I felt sick the rest of the way home, in honor of the lost cardinal, knowing in an hour I’d be having brunch with friends and would have forgotten all about him, while he flopped around on that cold highway getting rained on.  I vowed to fill all my bird feeders to the brim that morning.

When I pulled into my driveway, another cardinal just like his lost friend was perched on my fence, the exact same size, another teenager.  Maybe they even went to the same bird high school.  I told myself it was a sign, that this little bird was here to tell me, “It’s alright.  It was meant to be.  It’s all part of the circle of life.”  I turned off the ignition and paused there for a minute, door closed, not wanting to exit and scare him away.  “No, really, go about your day,” the bird told me.  “Never mind us.  It was his fault.”

Or maybe I was just trying to make myself feel better.

By Amy Everhart on November 21st, 2009 at 10:15 am.

I set out for my morning walk with purpose, because I need to soak up some Vitamin D and burn a few calories after last night’s minty cocktails and barbecue meatballs, and besides, I hear walks are supposed to be therapeutic, too.

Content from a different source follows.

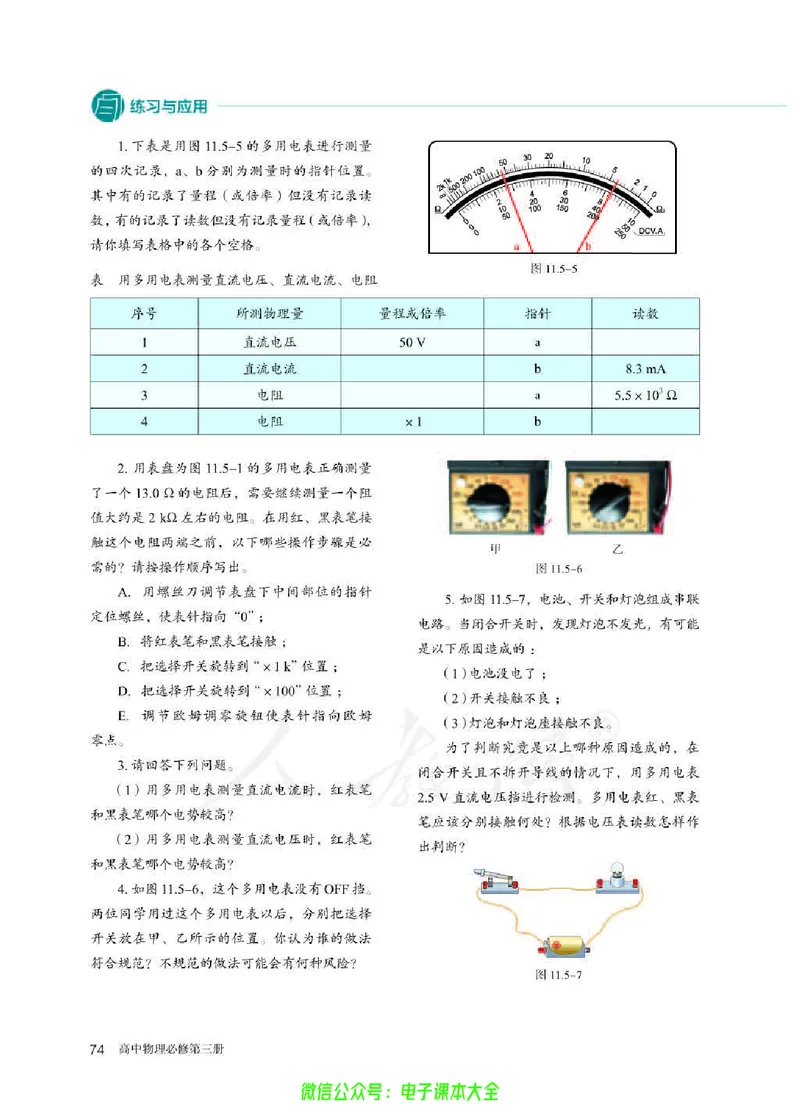 普通高中教科书物理必修第三册_高中三年全科资料_高中_高中电子教材_高中物理_人教版_旧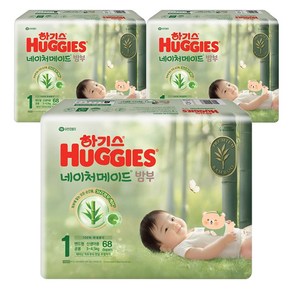 하기스 네이처메이드 밤부 밴드형 기저귀 신생아용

Along the way I encounter sidewalks full of leaves — the crunchy kind you can’t resist plowing through instead of walking around, going out of your way to crunch every leaf flat.

And I can’t help but flash back to when I was eight and had to walk to the café downtown after school to meet my dad so he could give me a ride home. Six whole blocks, bor-ing, and it took for-ev-er. But the crunchy leaves along the way served to ease the boredom, and I made sure to shuffle through and stomp on each and every one. Oh, get that one, too. And that one.

How could I have imagined back then that some thirty years later I’d go for these walks on purpose, and five times as long. And that I’d do it in this far-away place called Nashville, Tennessee, where my favorite girl singer, Sissy-Spacek-playing-Loretta-Lynn, sang at the Grand Ole Opry. And that I wouldn’t be on my way to meet my dad, get a quarter for the Ms. Pacman machine and maybe another for a Hershey bar, bug him to finish his coffee so we could go home already. That instead I’d be wishing I could have a cup of coffee with him, ask him how he’s doing.

Nope, I never could have imagined this.

But one thing hasn’t changed. The impulse to crunch those crunchable leaves. And that one. And that one, too.